Scraped caption text data:
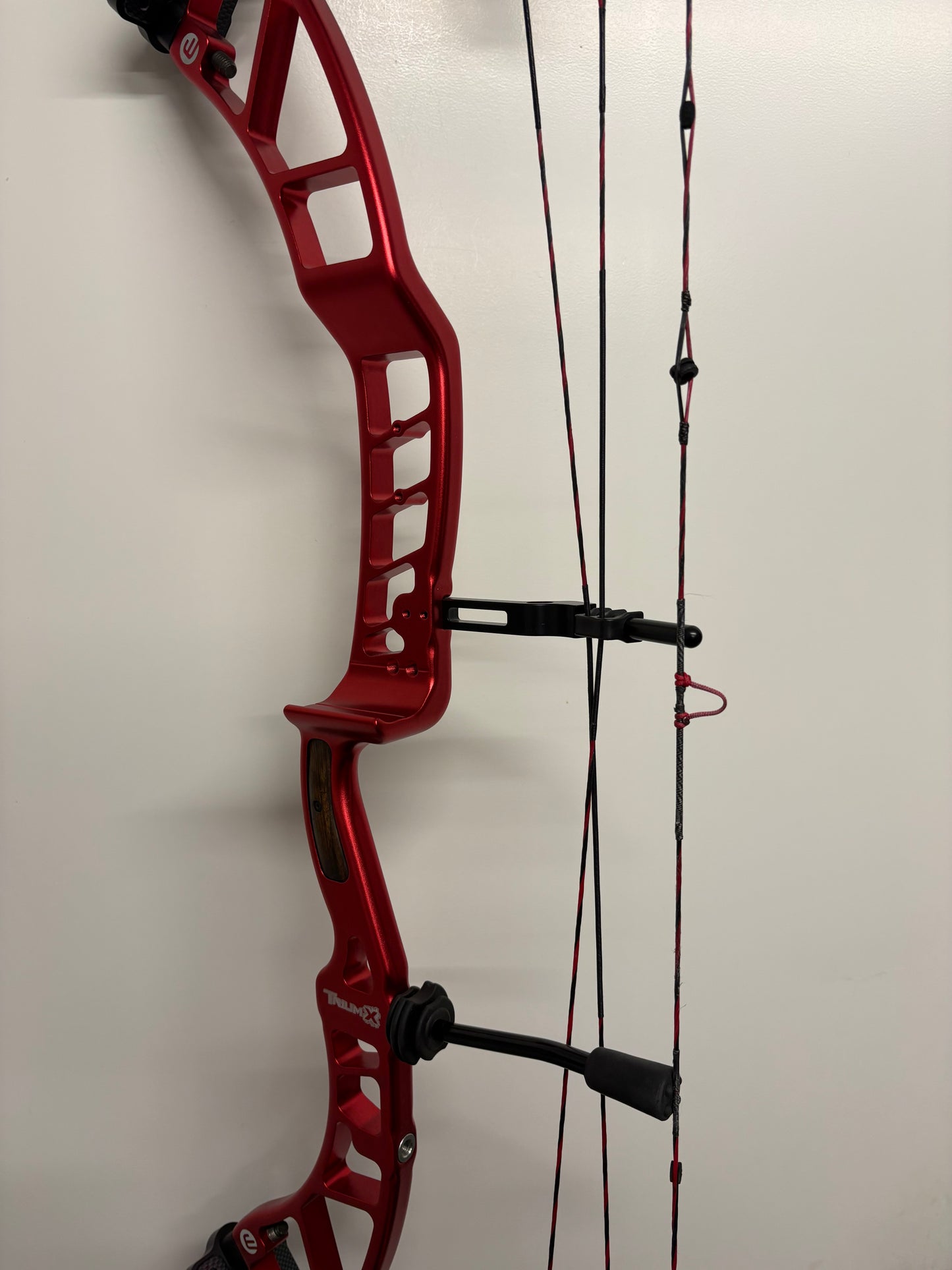 Topoint Trium X Compound Bow RH Red 50-60 lbs - Used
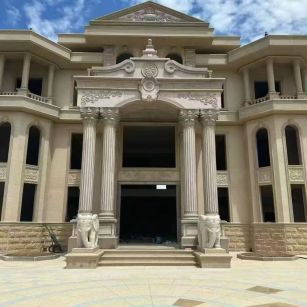 宝鸡 黄金麻别墅外墙干挂，大柱，大象，蘑菇石，雕花板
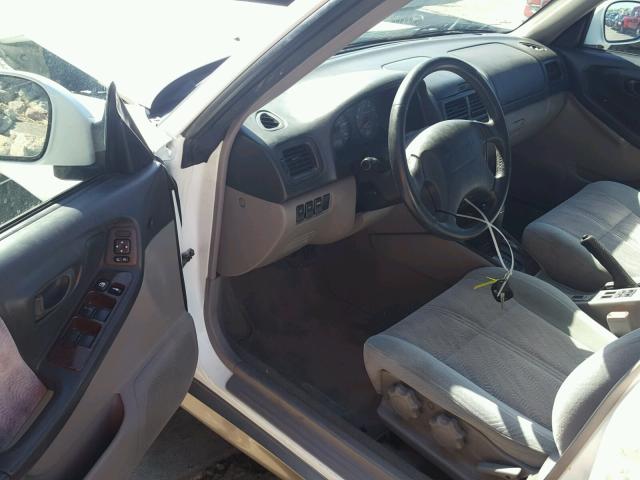 JF1SF65512H712896 - 2002 SUBARU FORESTER S WHITE photo 9
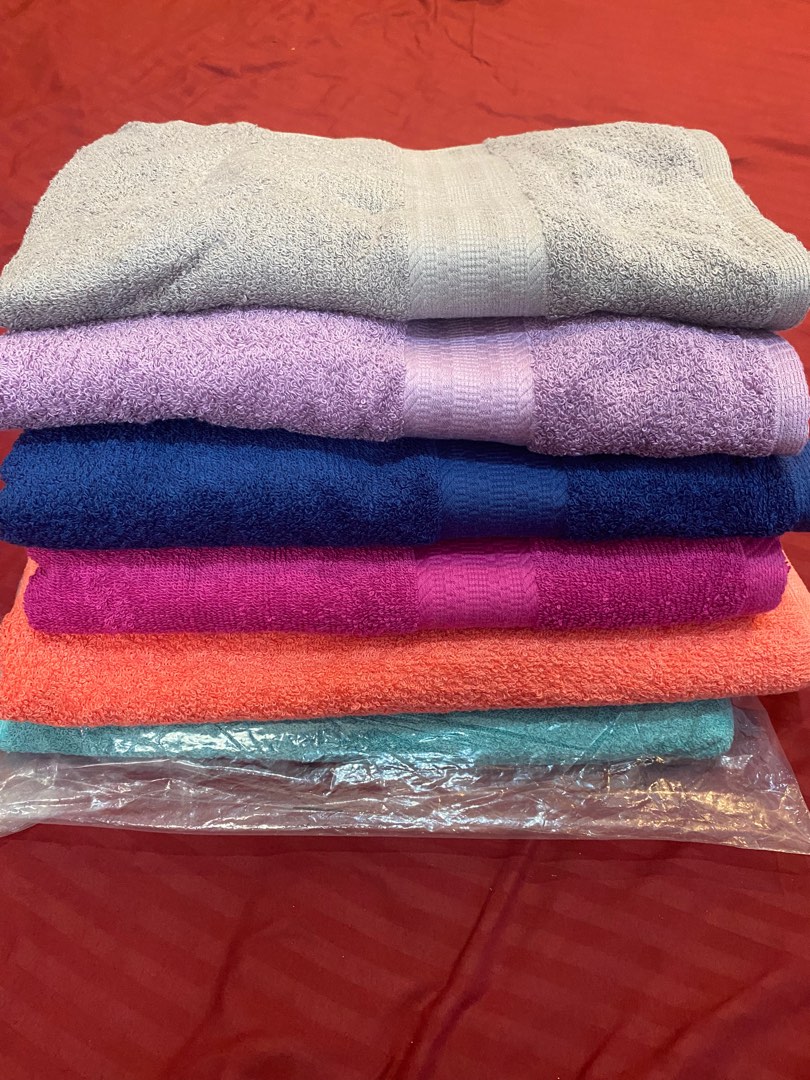 Kohl's Big Bath Towel, Furniture & Home Living, Bedding & Towels on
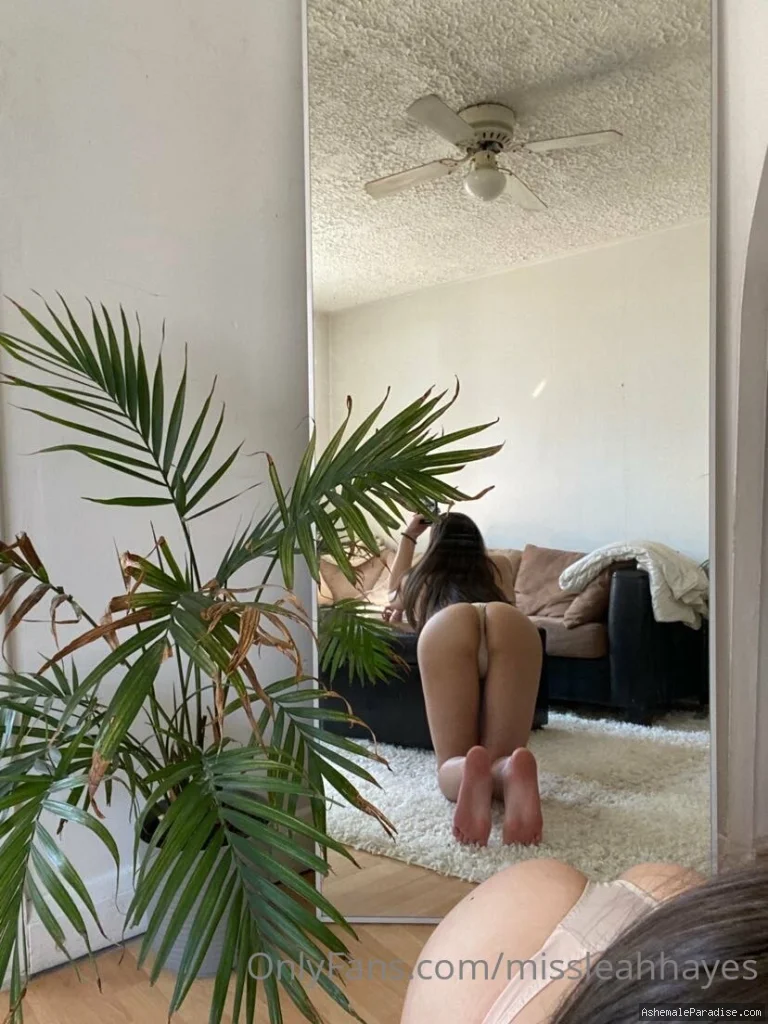 Leah Hayes — Leah Hayes — 12 fotos — Watch Leah Hayes Onlyfans pictures 2 with an emphasis on tranny
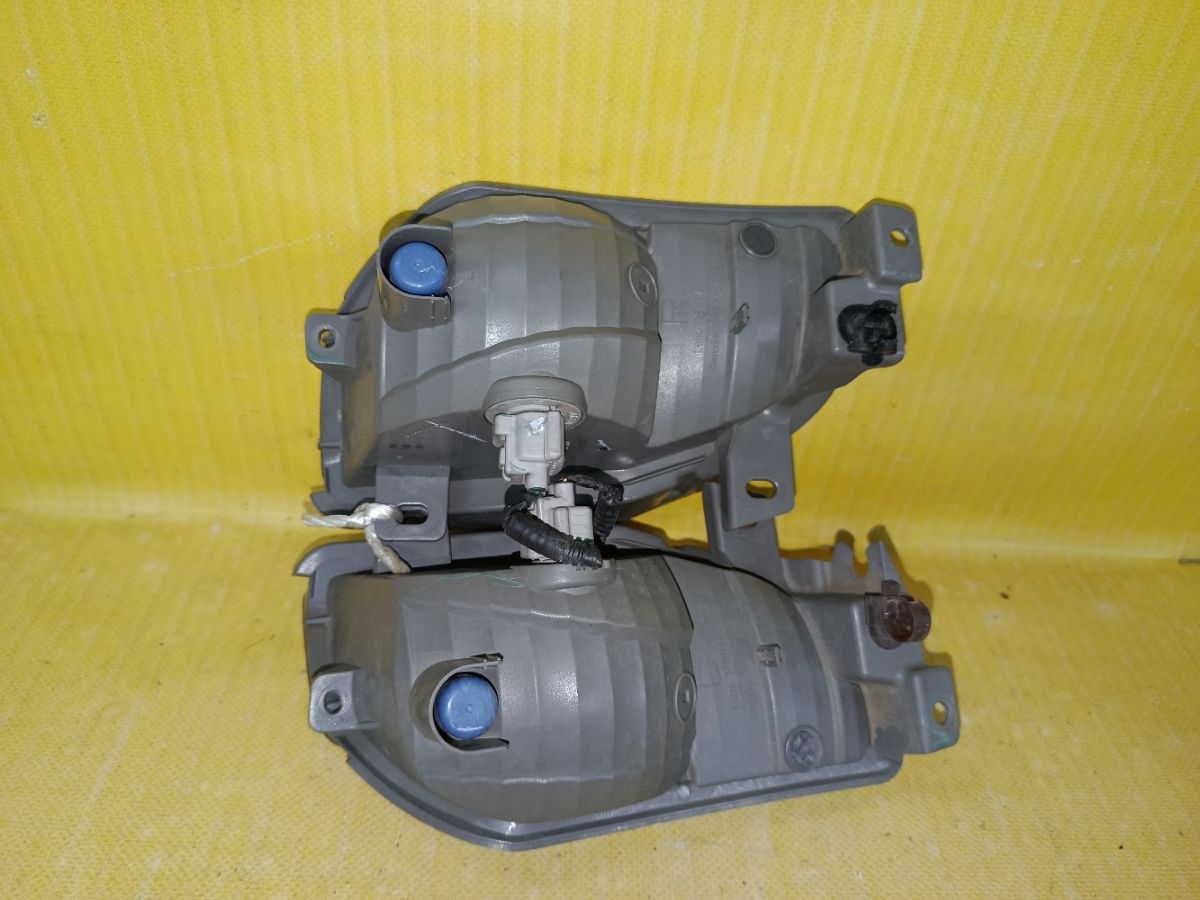 Поворотник бамперный 47-45 47-45 на Toyota Prius Alpha ZVW41W Фото 6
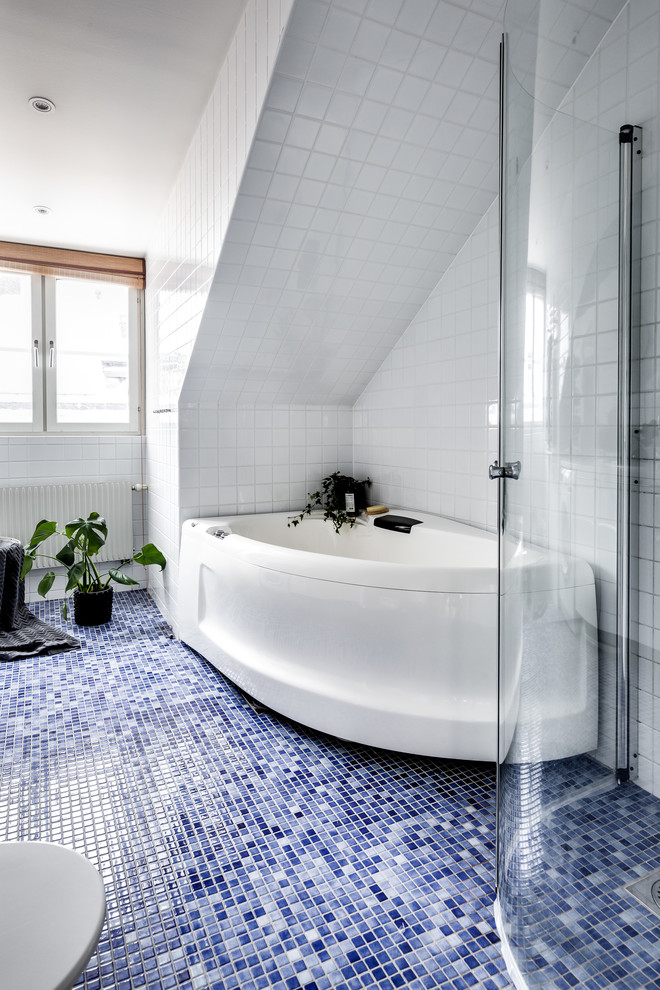 Bild på ett nordiskt badrum, med vita väggar, mosaikgolv och blått golv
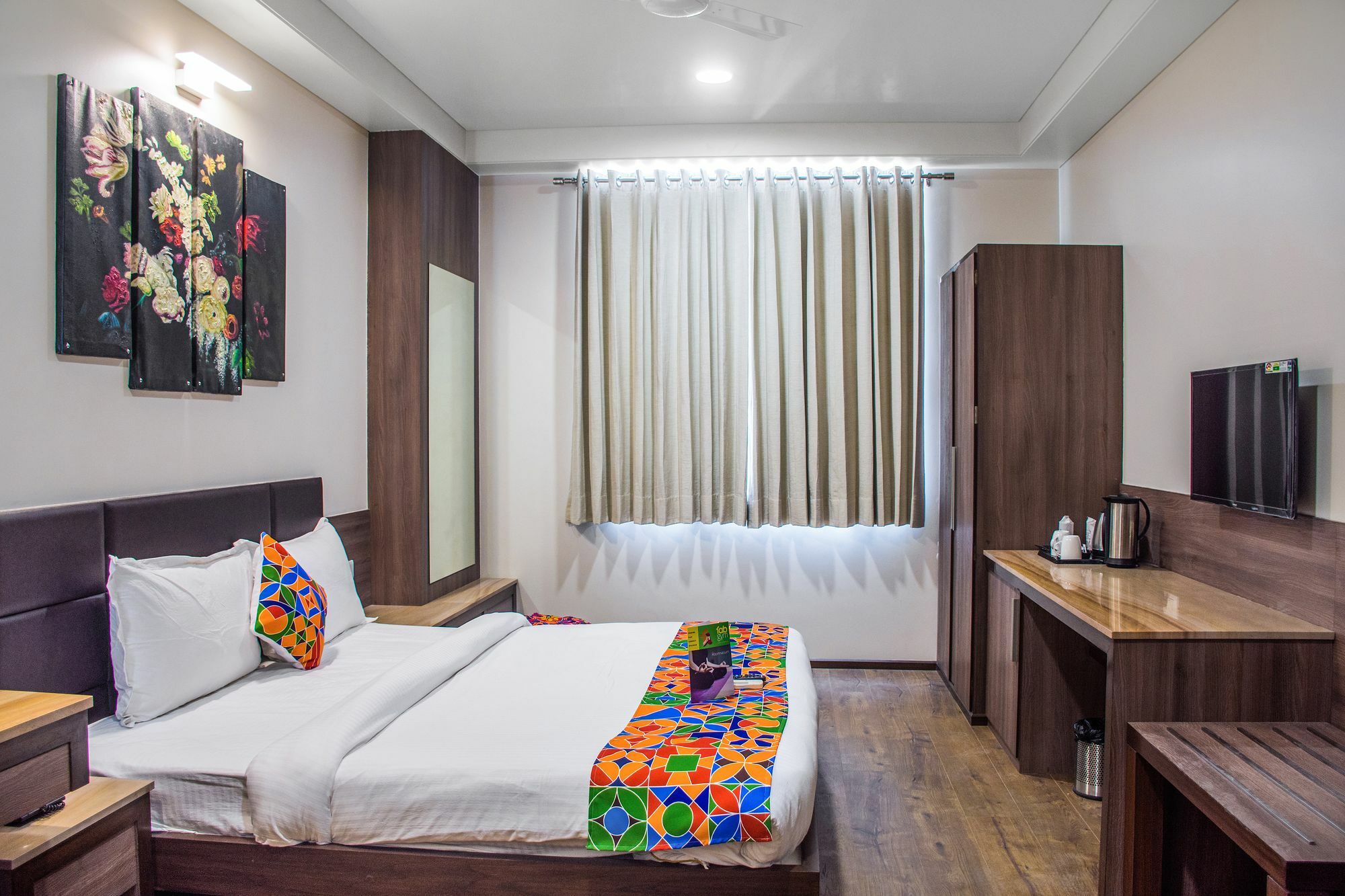 Hotel Fabhotel Fleur Airport 3*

§ **Activity**
Could you set down, exactly as written, every line from the one with "Leah Hayes — Leah" to the end of the data, both ends included? Leave out the pictures.

§ **Solution below**
 Leah Hayes — Leah Hayes — 12 fotos — Watch Leah Hayes Onlyfans pictures 2 with an emphasis on tranny
 Поворотник бамперный 47-45 47-45 на Toyota Prius Alpha ZVW41W Фото 6
 Bild på ett nordiskt badrum, med vita väggar, mosaikgolv och blått golv
 Hotel Fabhotel Fleur Airport 3*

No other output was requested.